Amphan is the second strongest storm on the Bay of Bengal since the 1999 Odisha super cyclone, said Mrutyunjaya Mohapatra, a senior scientist and cyclone forecasting specialist at the IMD, New Delhi. Mohapatra has led the tracking efforts that began in the second week of May, focused on what was then a low-pressure zone near the South Andaman Sea.

At one point on Monday night, Amphan had become the only super cyclone after the Odisha one over 20 years ago.

“The 1999 super cyclone had generated sustained wind speeds of 260-280kmph. Amphan had winds blowing at 230-240kmph,” Mohapatra said.

By Tuesday morning, Amphan had depleted from a super cyclone to an extremely severe cyclone.

The strength of storms is determined by wind speeds generated at their peak on the sea. Amphan had touched its peak wind speed on Monday night and the storm would lose some of the steam by the time it makes landfall.

Aila, a severe cyclonic storm that had ravaged the Sunderbans in 2009, had winds blowing at 110kmph during landfall.

Path

The system had been moving north-northwest at the beginning. But it did not travel in a straight path. Around Monday morning, it started to re-curve and travel in a north-northeast direction towards the Bengal and Bangladesh coasts.

A Met bulletin on Tuesday evening said Amphan was an “extremely heavy cyclonic storm over west-central Bay of Bengal about 360km from Paradip (Odisha) and 510km from Digha”.

It is expected to continue its north-northeastward journey and hit land. After landfall, the storm will pass through Bangladesh as a weakened depression, said a Met official.

The system is moving at a speed of 18kmph, said a Met bulletin.

Landfall

“The storm is a huge system that will take close to five-six hours to make a complete landfall,” said Mohapatra.
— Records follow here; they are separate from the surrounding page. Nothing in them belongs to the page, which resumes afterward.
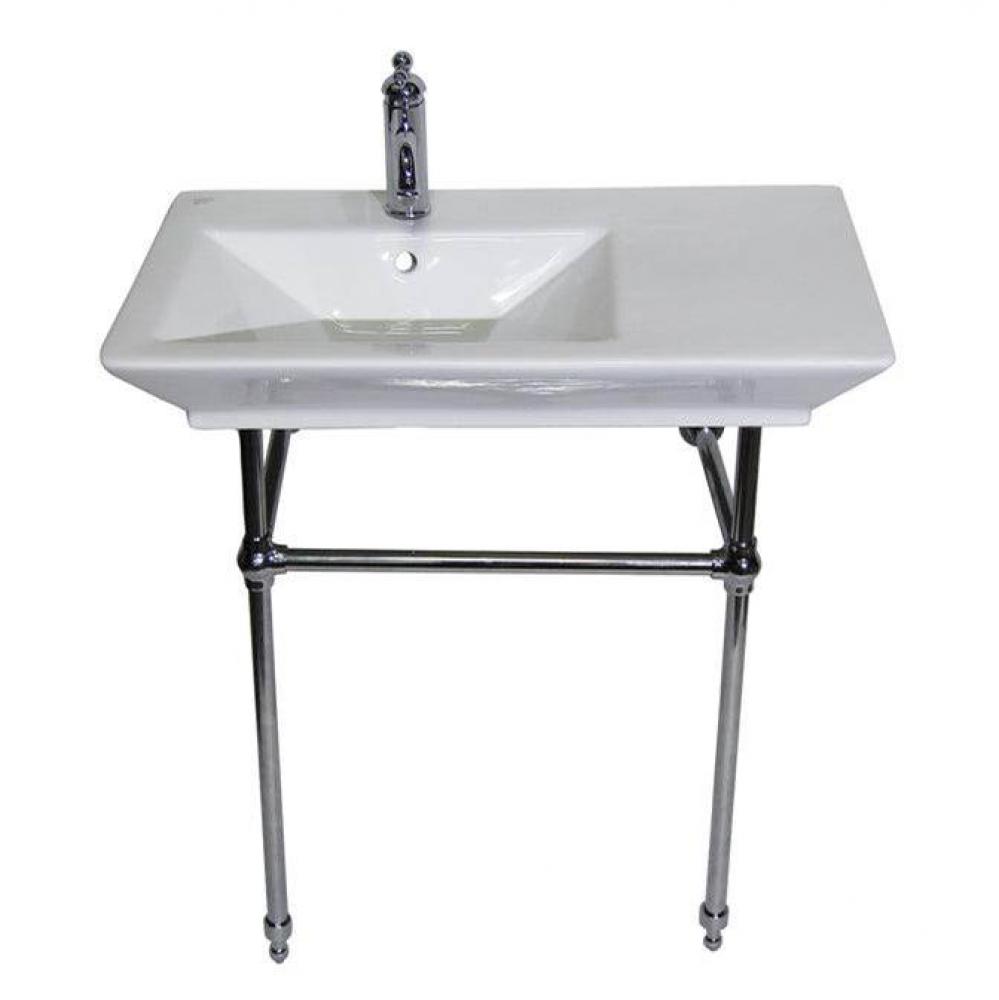 Opulence Console 31-1/2&apos;&apos;, RectBowl, 8&apos;&apos; WS, White, CP Stand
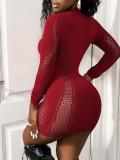 Hollow out ultra short hip hugging dress A1051097645898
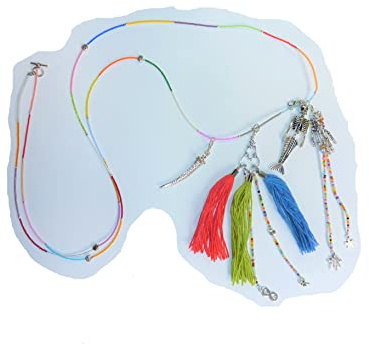SSH-Design - extra lange Kette Bettelkette HIPPIE BOHO IBIZA PEACE - SKELETT - bunt -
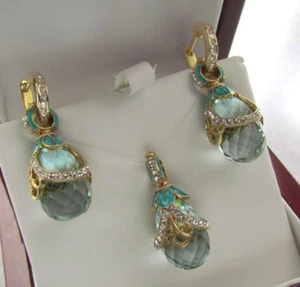 AQUAMARINE EARRINGS & PENDANT SET HANDMADE RUSSIAN SOLID STERLING SILVER 925 - Picture 1 of 8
The storm has a diameter of around 700km.

Even the depleted storm is expected to generate wind speeds of over 150kmph during landfall, with gusts clocking 185kmph, the Alipore Met office has said.
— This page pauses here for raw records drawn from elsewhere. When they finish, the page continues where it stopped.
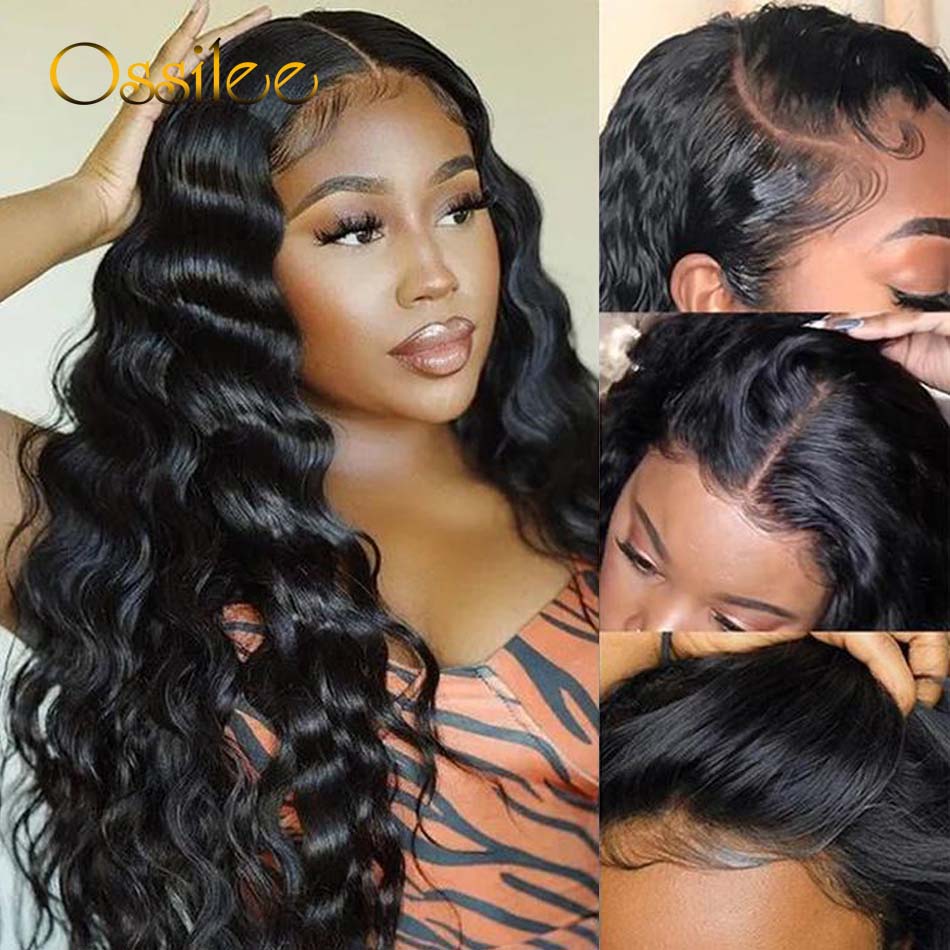 Lace Front Loose Deep Wave Transparent Brazilian Human Hair Pre-Plucked Wigs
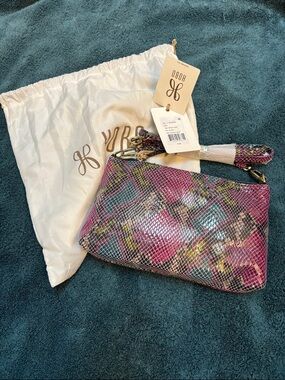 NWT HOBO “Darcy” Multicolor Pink/Teal/Lime/Black Snake-Print Wristlet Clutch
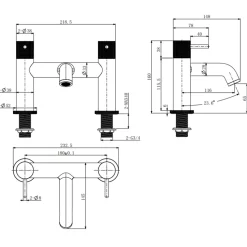 Harbour Clarity Knurled Deck Mounted Bath Mixer Tap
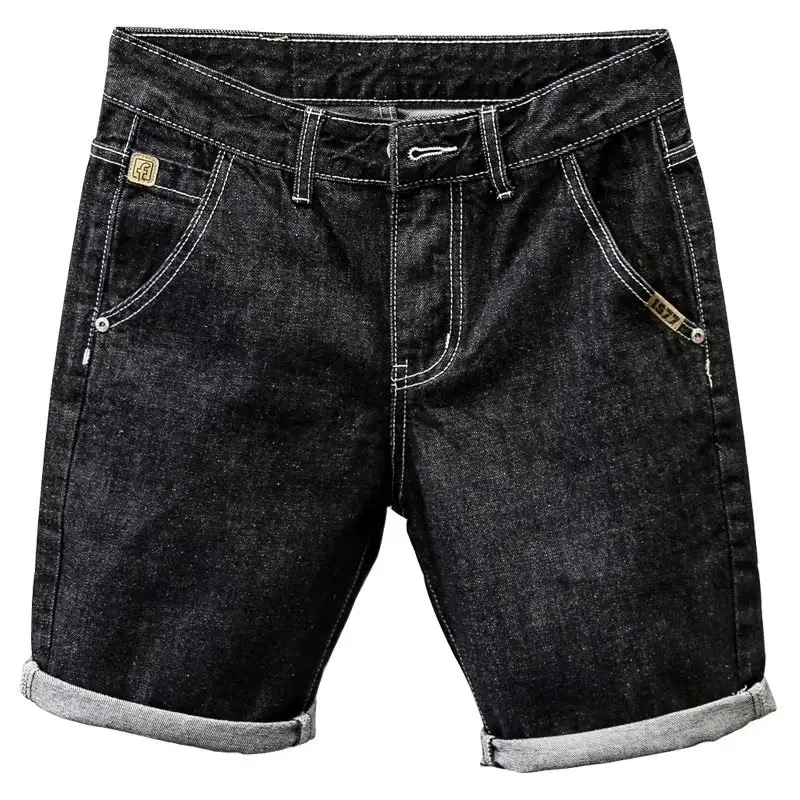 Men Denim Shorts Slim Fit Elastic Waist Summer Wear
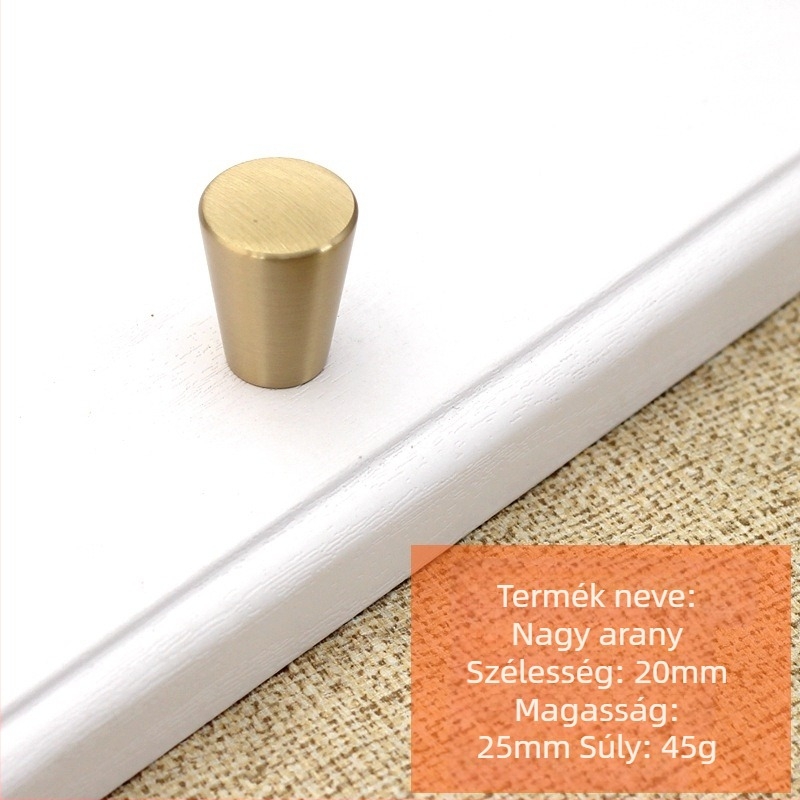 Réz fogantyú bútorokhoz, egylyukú, skandináv minimalista dizájn, szekrényajtókhoz, fiókokhoz és gardróbokhoz, modell t99966552, antioxidáns felületkezelés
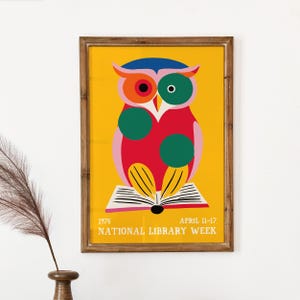 1976 National Library Week Poster - Reading Wall Art Print Home Decor Vintage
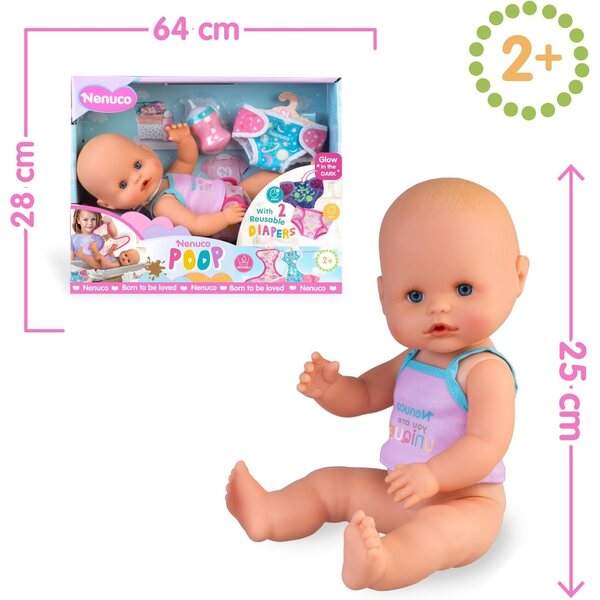 Nenuco 35 cm große Puppe, die richtig kackt, mit Flasche und 2 waschbaren Windeln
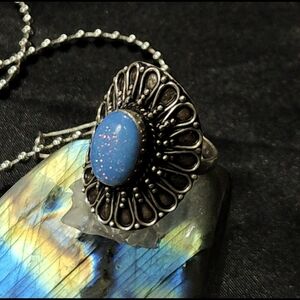 Source Unknown Blue and Silver Ornate Ring
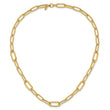14K Polished and Textured Fancy Paperclip Link Necklace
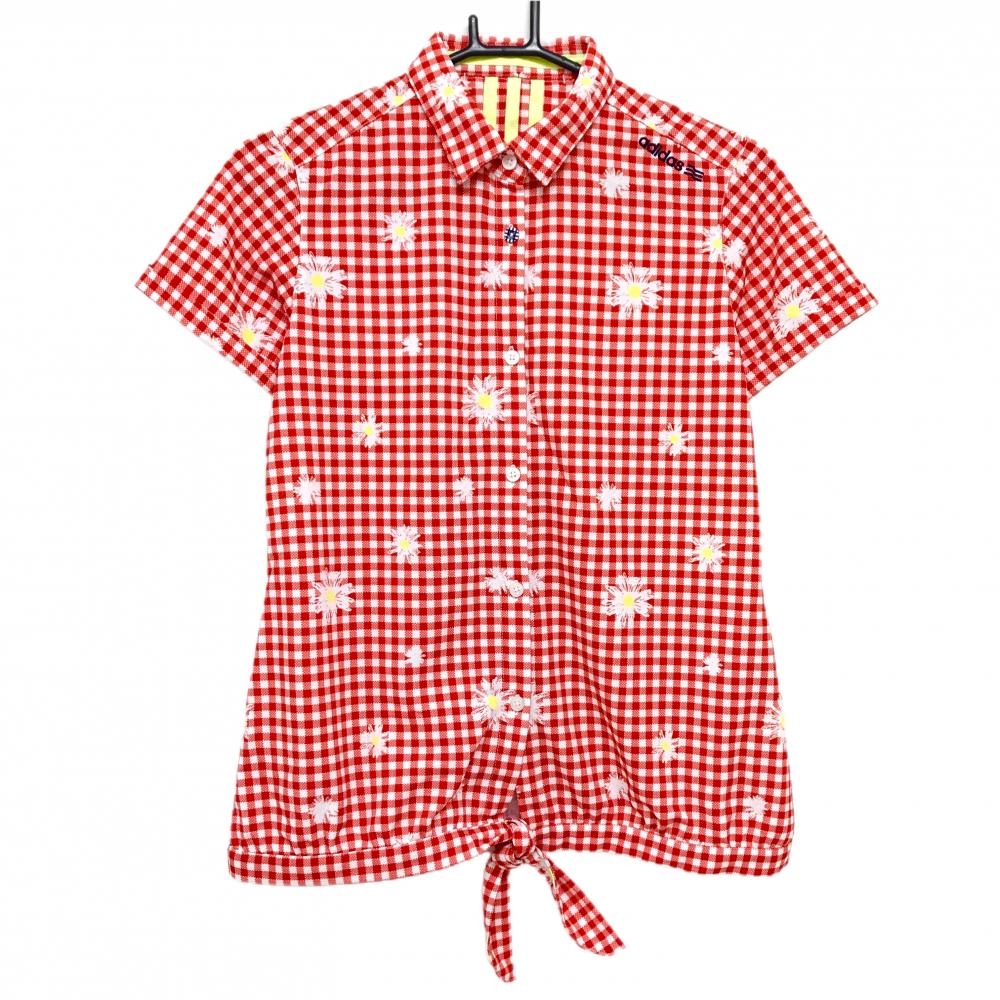 【超美品】アディダス 半袖シャツ 白×レッド チェック柄 花柄 肩ロゴ 裾リボン レディース L/G ゴルフウェア adidas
The core or the eye of a cyclonic storm is a relatively quiet zone, surrounded by the spiralling bands of winds.

As a storm passes, an area will experience the peripheral winds in the front. As the relatively calm core passes through land, there will be a brief lull. That will be followed by the passage of the rear winds, which are just as strong as the ones at the head of the spiral.

Calcutta connect

The storm is tipped to make landfall between Digha and Hatiya Island near the Sunderbans. Digha is 180km from Calcutta and the Indian Sunderbans around 110km. The peripheral or outer spiralling winds of Amphan are expected to brush the city.

Cradle

What looked like a small dot on an expanse of blue to meteorologists became a 700km-wide storm raging towards land.

“A low-pressure area had been hovering near the South Andaman Sea since April-end but it was becoming less marked every now and then. On May 13, the system became a well-marked low-pressure area and kept becoming stronger,” Mohapatra told The Telegraph.

The low pressure turned into a deep depression over southeast Bay of Bengal. On May 16 evening, it had intensified into a cyclone and further strengthened to a super cyclone on Monday.